Anyway, while they did a good job of explaining the background, and included much of the most compelling footage from the day (including the film taken by Daryl Hull, who they also interviewed, as Marysville burned around him), there were some big flaws in the program. First is that it seemed truncated. They spent so much time leading up to it, showing footage of CFA volunteers getting their gear on and stuff like that, but they didn't mention, for example, that 90% of Marysville was destroyed. They didn't mention the number of deaths - surprising considering how much they talked about the "terrible toll" and " the state will never be the same again", etc. And worst of all they only mentioned the Murrundindi and Kilmore East fires - which, ok, they were the biggest and worst, but the Churchill, Beechworth and Bendigo complexes also killed people.
Lastly, and most insultingly, they said that "In rural Victoria, most residents went about their day oblivious to the looming danger..." Erm, NO.
Some people were oblivious, I'm sure - I have always been a bit peeved at the guy whose wife died, who was really critical of the government and emergency services and who said that "...my wife was very simple. She just listened to CDs on the way to work, she never read a newspaper, she didn't watch television news..." because if you live anywhere in a civilized country, where you depend on public emergency services, you have a duty to keep yourself informed. And if you live in a rural area where you know the fire risk is high in summer, you should bloody well inform yourself in summer of how the situation is going. You can't expect your own personal notification of danger.

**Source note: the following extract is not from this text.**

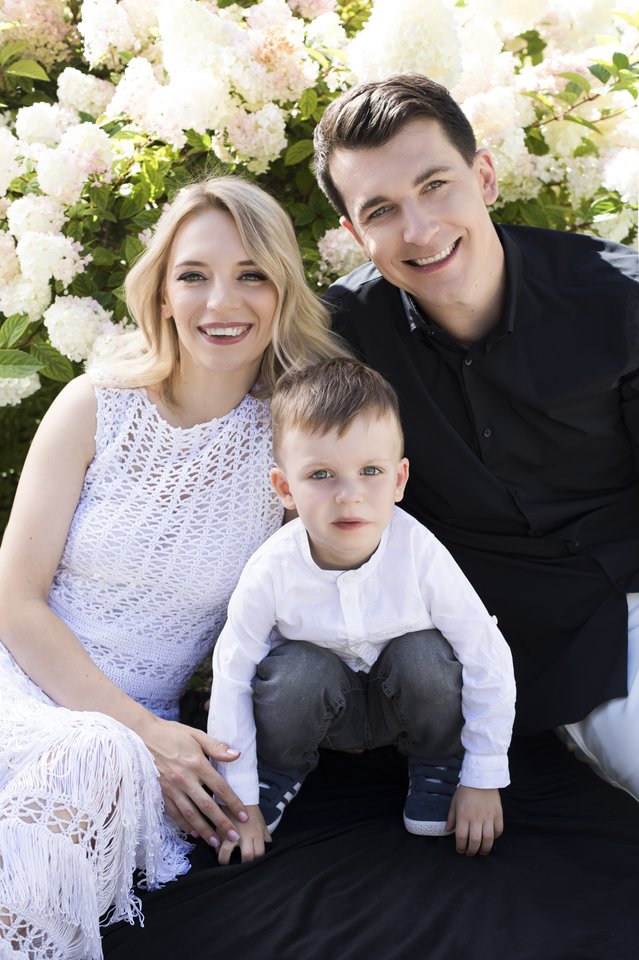 Simonas Storpirštis su žmona Indre ir sūnumi Emiliu.<br>K. Aleksynaitės nuotr.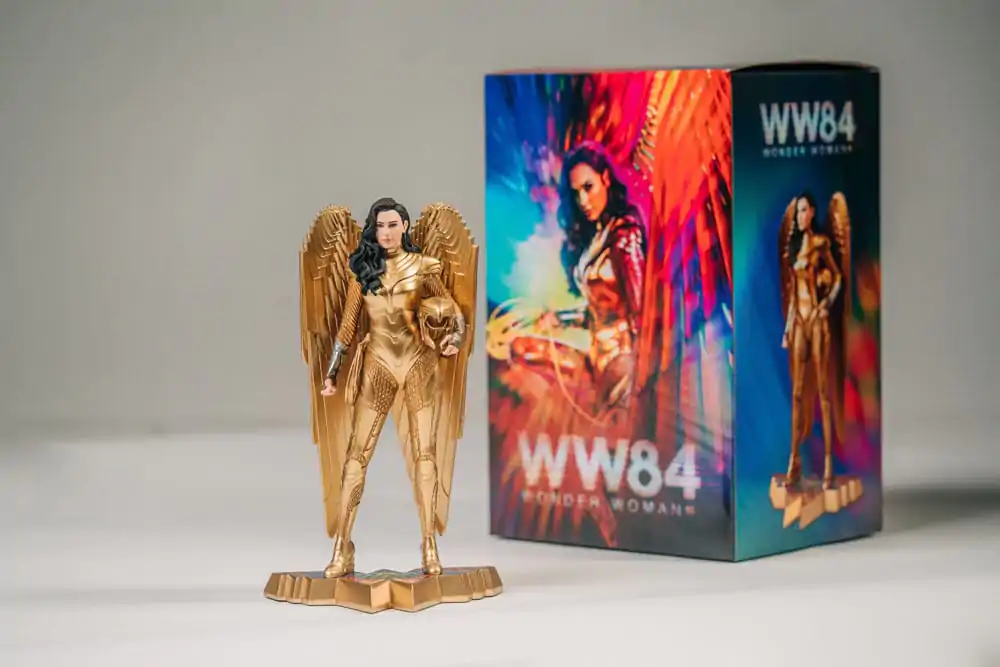 DC Comics Wonder Woman szobor figura 26 cm termékfotó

However, I don't think that attitude was typical. I knew it was going to be an unprecedentedly bad day. I'm sure most people *did* know. Some people were cautious but had seen fire before and figured that if they were well-prepared they'd be OK. Some people were very conscientious and did everything they were advised to do, and some of them, no matter how well-prepared they were, still died. This was an event on a scale we have never seen before. But we'll be seeing them again, so we'd better bloody well learn from it, and vague generalisations about how oblivious "most" people were do not help.